A strong positive correlation between MHD and embryo quality was observed in fresh semen (r = 0.698; P < 0.008) as well as prepared sperm (r = 0.718; P < 0.006) from the unexplained subfertility group. Similarly, an inverse relationship with IHD was observed with embryo quality in both fresh semen (r = –0.567; P < 0.044) and prepared sperm (r = –0.554; P < 0.049). However, no correlations with clinical pregnancy rates were observed. No such relationships involving the MHD or IHD were observed in patients suffering from tubal or anovulatory subfertility.

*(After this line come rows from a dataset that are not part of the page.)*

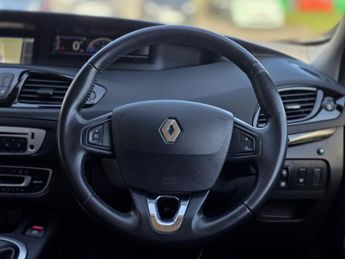 RENAULT SCENIC 1.5 Dynamique TomTom dCi 110 EDC Auto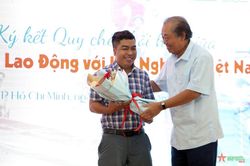 Trao giải Cuộc thi ảnh 'Thiêng liêng cờ Tổ quốc'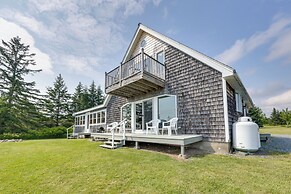 Shorefront House w/ Views, 14 Mi to Acadia NP
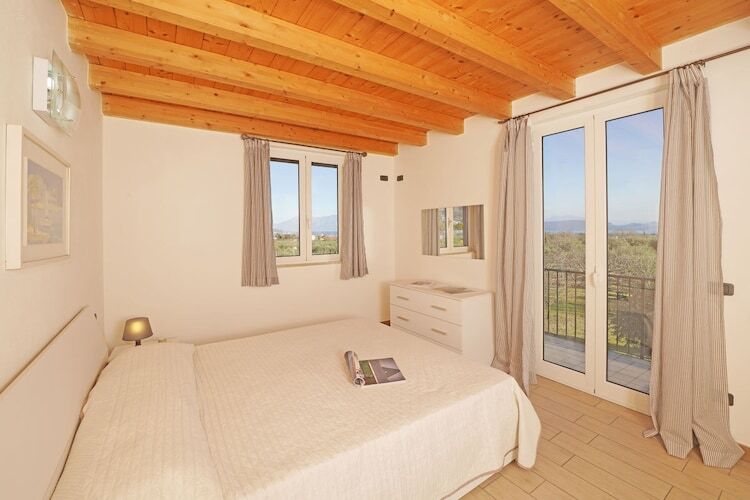 Appartement 3 chambres avec piscine et vue lac - Photo 16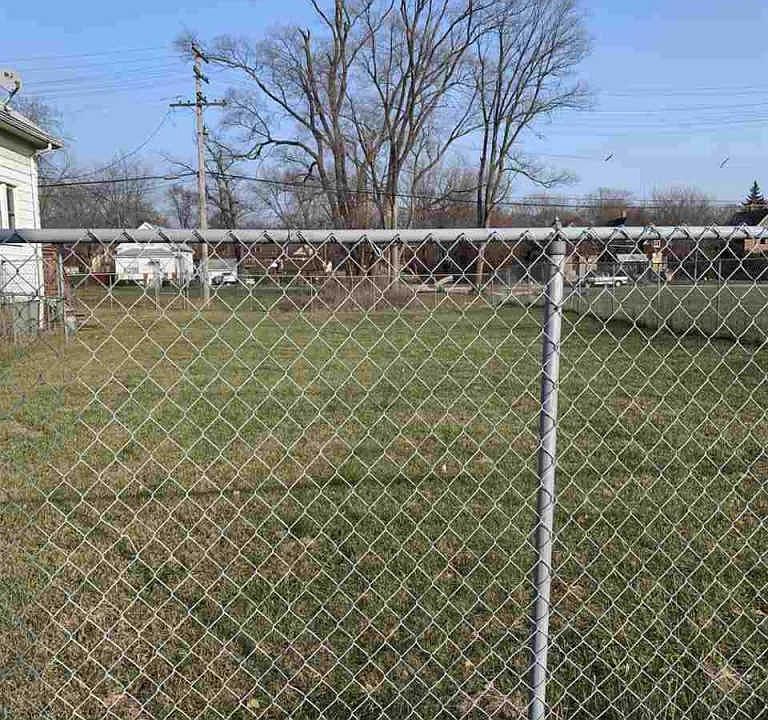2nd image of 2522 Van Dyke St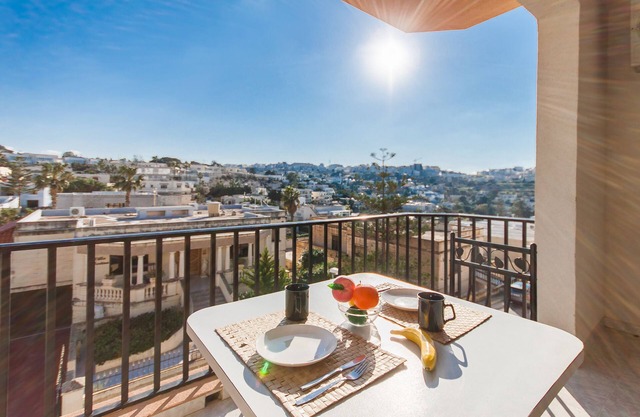 Pool and Sea, charming Merill Apart 4, Mellieha, Malta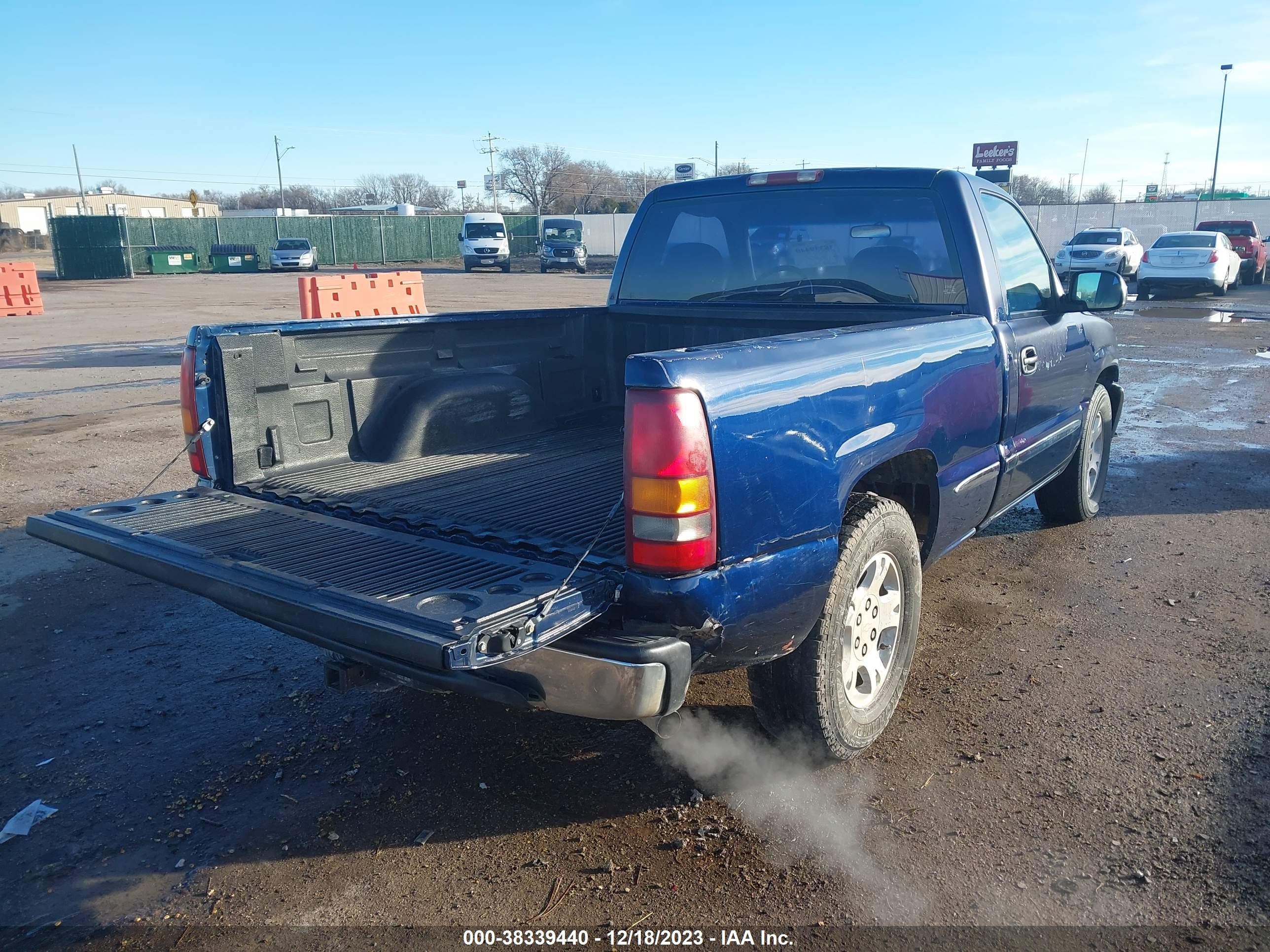 Photo 3 VIN: 1GTEC14TXYZ109788 - GMC SIERRA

As expected, a good correlation was found between comet length and moment of fresh semen (r = 0.751; P < 0.0001) and prepared sperm (r = 0.691; P < 0.0001). There was an inverse relationship between the mean of MHD and the mean of IHD in fresh semen (r = –0.733; P < 0.0001) and prepared sperm (r = –0.677; P < 0.0001). These analyses indicated that the assay was set up correctly. There was no correlation between total sperm concentration and embryo quality (P = 0.065) at the initial semen analysis, but the sperm concentration at the time of IVF treatment appeared to correlate with embryo quality (P < 0.030). There was no correlation, at any time, between percentage motility and good embryo quality.

The semen parameters at routine semen analysis and at time of IVF treatment were not significantly different (Table IGo). Furthermore, no statistically significant difference was found in the four comet assay parameters from both fresh and prepared sperm with fertilization per se. Table IIGo also shows the IVF treatment outcomes according to female partner age and embryo quality, where good embryo quality was defined as >=75% grade 1 and 2 embryos out of the total number of embryos and two-pronuclear (2PN) stage post-fertilized oocytes.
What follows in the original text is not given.